The civil complaint, filed in U.S. District Court in San Jose by KinderStart.com, seeks to be certified as a class action representing the owners of all Web sites blacklisted by Google’s Internet-leading search engine since January 2001.

KinderStart, a Norwalk-based Web site devoted to information about children, says it was dropped from Google’s index a year ago without warning. Large changes in search results for many websites were seen from Yahoo and Google results last fall.

KinderStart claims that Google has engaged in anti-competitive behavior and misled the public by positioning its search engine as an objective source for finding Internet content. The suit seeks unspecified financial damages and a court order that would require Google to change its ways.

Google claims its system attempts to elevate the Web sites with content most relevant to a request. Since PageRank, Google’s ranking system can make or break websites, adminsitrators are upset over Google and Yahoo business practices. To make matters worse, some sites resort to dirty tricks (‘black hat techniques’) to try to fool Google into elevating their web links on search results. This makes it harder for search engine companies to manage legitimate website and web page results, and it sometime hurts the website with legitimate content.

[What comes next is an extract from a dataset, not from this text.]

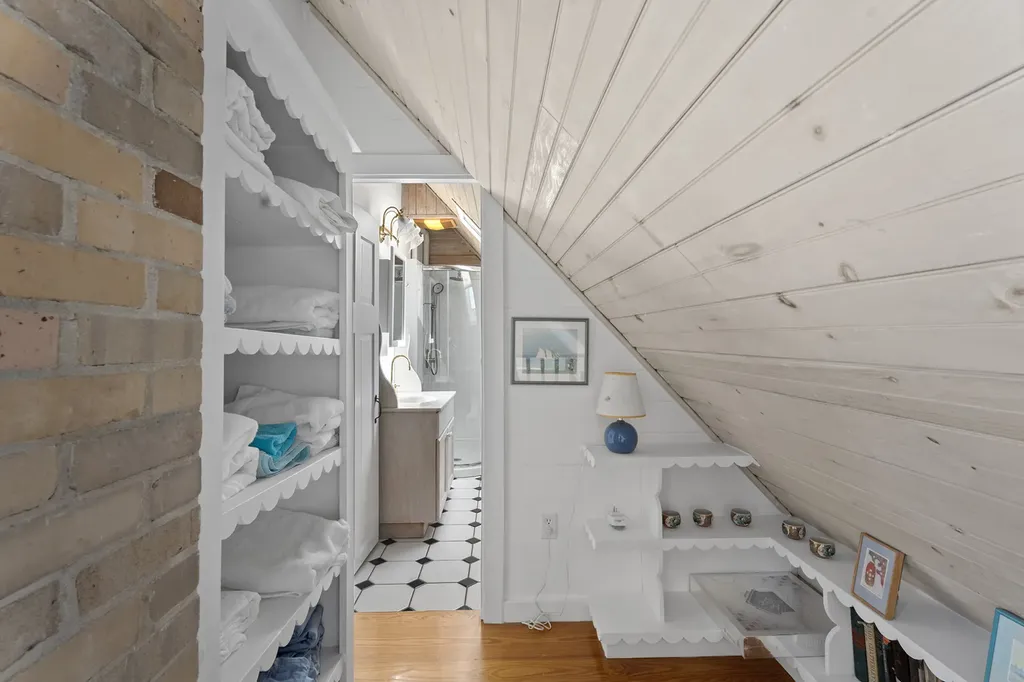 311 East Chop Drive Oak Bluffs MA 02557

Yahoo! and Google are known to eliminate websites or web pages from their indices, a process which is known as being sent to “the sandbox.”

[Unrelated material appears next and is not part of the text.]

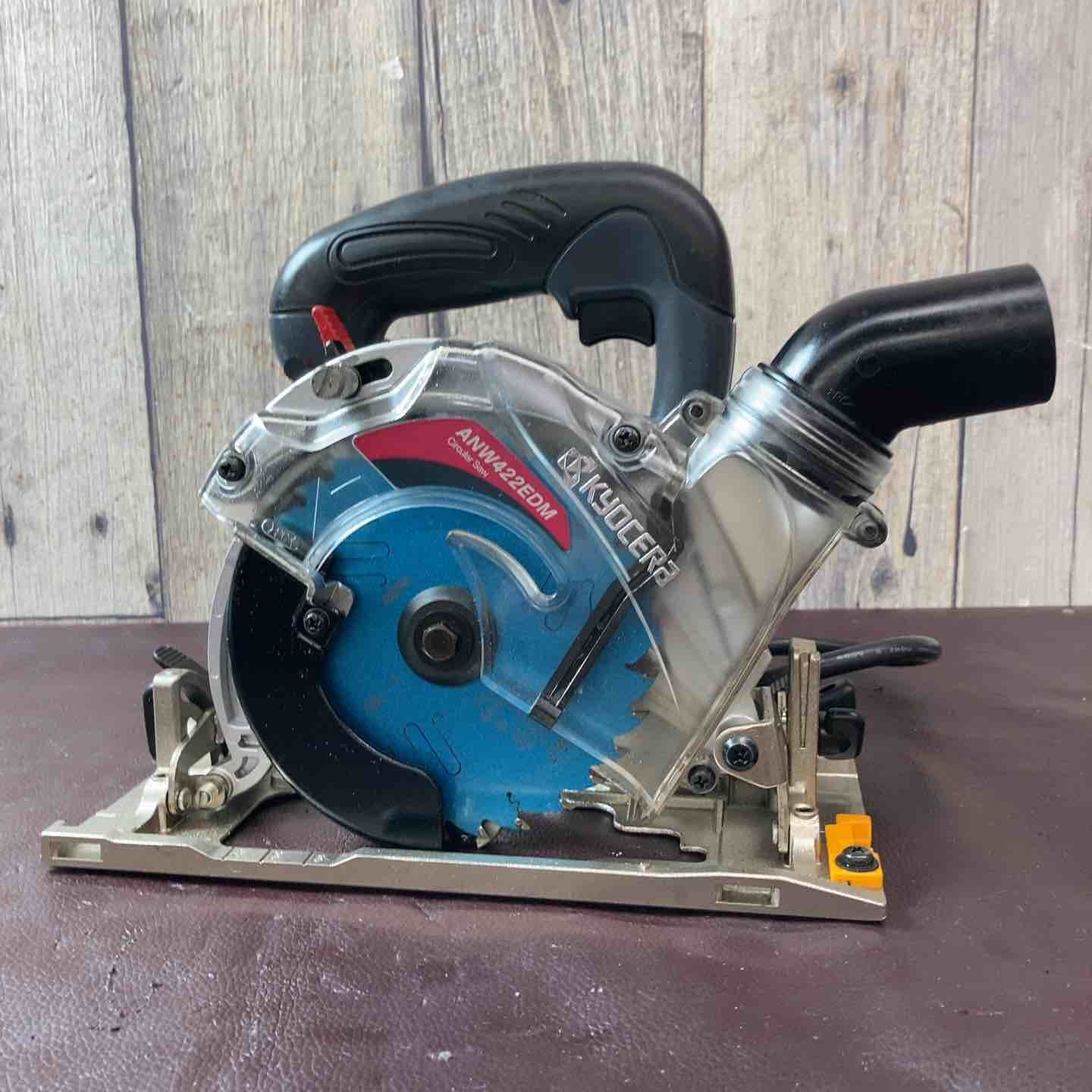 中古品】 京セラ(KYOCERA) 125mm 電子集じん丸ノコ ANW422EDM 【東大和 中古品】 京セラ(KYOCERA) 125mm 電子集じん丸ノコ ANW422EDM 【東大和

KinderStart’s lawsuit alleges Google’s policing efforts have penalized Web sites that have done nothing wrong. It is even possible that some website owners use ‘Black Hat’ techniques to sabotage competitor websites —  again a situation where innocent websites are penalized by search engines. The lawsuit also alleges that the administrators of banished sites can’t determine how they can restore their standings because Google doesn’t explain its actions.

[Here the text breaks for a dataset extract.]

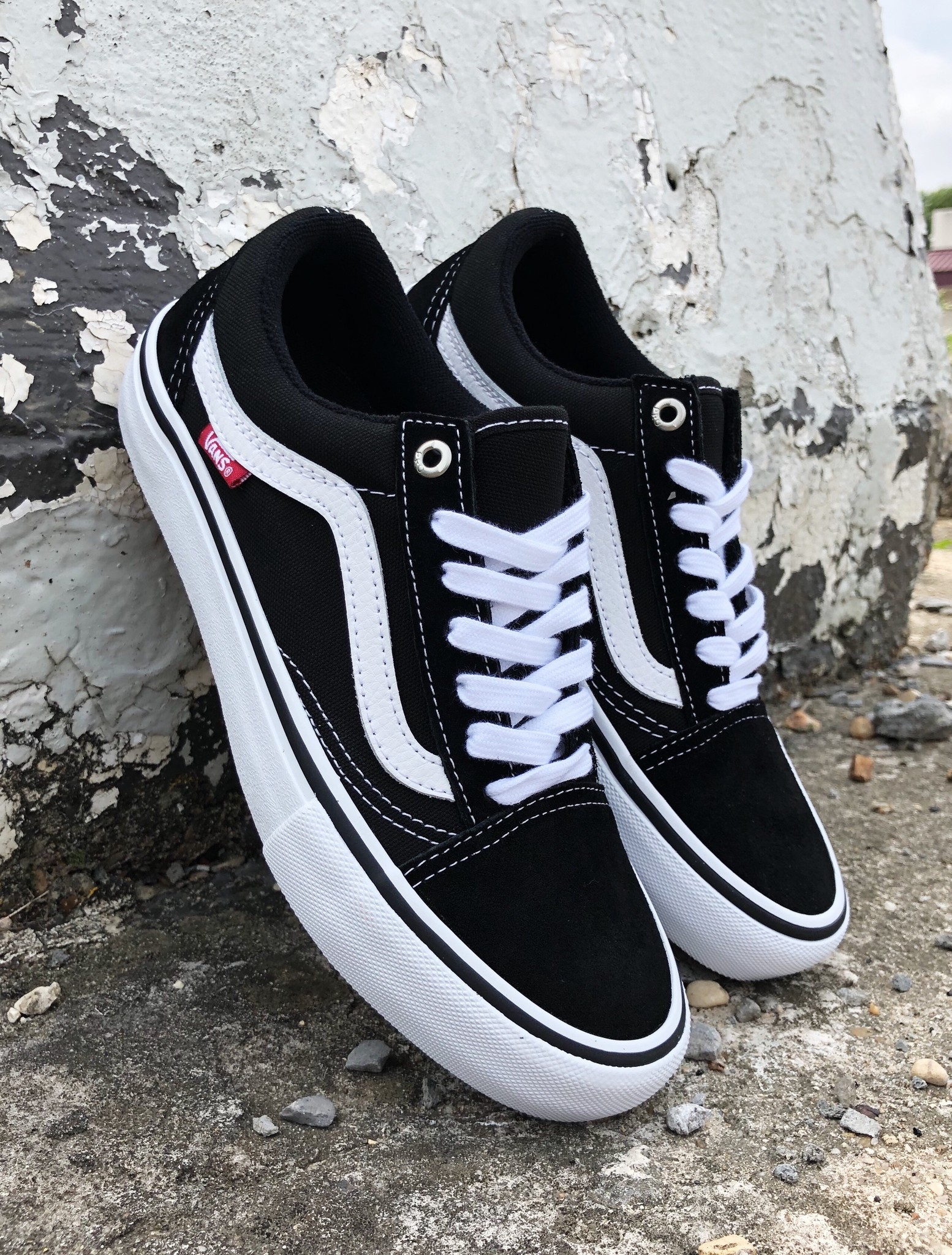 old skool v pro black white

Google has previously defended its business practices. In 2003, Google persuaded a federal judge to dismiss a case filed by Oklahoma City-based Search King Inc. after its search ranking abruptly fell. Google argued its search ranking formula represented an opinion protected by the First Amendment, which U.S. District Judge Vicki Miles- LaGrange agreed.

KinderStart said its traffic plunged by 70 percent after Google dropped it. At its peak, KinderStart’s visitors viewed more than 10 million Web pages per month, according to the suit.

Kinderstart will argue that Google has become an “essential facility” that should be required to warn Web sites before dropping them from the index. Imagine that your electric company cut your power because you didn’t use electricity properly and then the power company refused to explain how to prevent the cutoff in the future.

Google maintains its secrecy is essential to its success.